The most common causes occur when a layer of fat accumulates in the arteries, which can be damaged by diseases such as diabetes, hypertension, and bad habits such as smoking or −excessive− alcohol consumption.

The specialist explains that another cause is due to cardiovascular problems such as heart arrhythmias, which generate blood clots that can travel toward the brain and cause an embolism.

What happens when you have a stroke?

“The most frequent symptoms are a loss of mobility in one arm or the face, when one side of a patient’s mouth droops, difficulty speaking, and problems with coordination, such as walking badly. There can also be a sudden loss of vision,” says Escamilla.

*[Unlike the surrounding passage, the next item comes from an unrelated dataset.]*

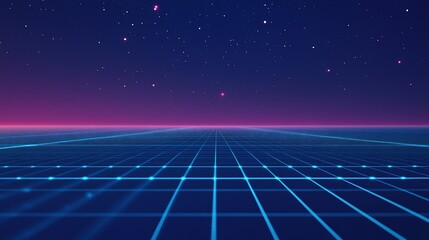 Retro futuristic grid landscape with vibrant pink and blue hues under a starry night sky.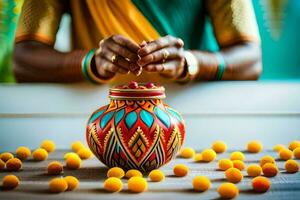 en kvinna i traditionell indisk klädsel är placering en krans på en färgrik pott. ai-genererad foto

If any of these symptoms occur, you should consider it a medical emergency and go to hospital. Treatments for the acute phase of strokes include medication that stops the blood from clotting. Severe cases require surgery to the blood vessels of the brain.

“The statistics say that 20% of patients who suffer a stroke will be fine; 50% will have some aftereffects, such as a limited ability to move one arm; and mortality is 20 to 30% in the first few days following an event.”

Rehabilitation after suffering a stroke should be started as soon as possible. This is a series of physical therapy sessions so that the patient can recover mobility or the faculty of speech.

If someone who is 50 to 60 years old doesn’t have diabetes, doesn’t have hypertension, doesn’t smoke, and leads a healthy life, the chances of that person having a stroke are much lower,” he explains.